Start of GIVEN DATA

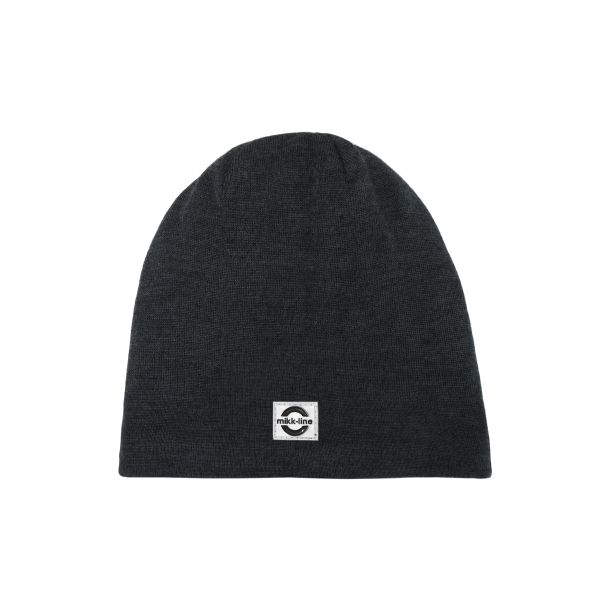 Mikk Line - ensfarvet uld hue beanie, dark grey melange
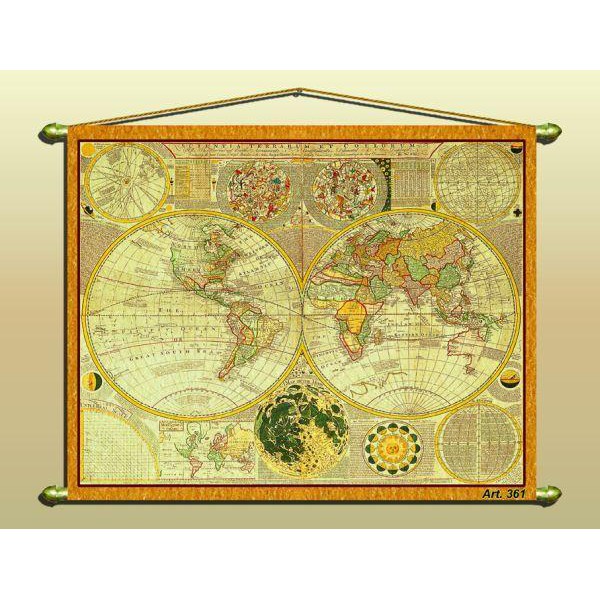 Zoffoli Världskarta Antik karta (reproduktion) Nr 361/2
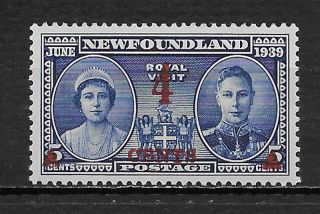 Newfoundland,  Canada,  1939,  Royal Visit,  4c On 5c Stamp,  O.  P.  & R.  V. ,  Mnh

End of GIVEN DATA

The listing above must be printed again exactly, minus its pictures.

 Mikk Line - ensfarvet uld hue beanie, dark grey melange
 Zoffoli Världskarta Antik karta (reproduktion) Nr 361/2
 Newfoundland,  Canada,  1939,  Royal Visit,  4c On 5c Stamp,  O.  P.  & R.  V. ,  Mnh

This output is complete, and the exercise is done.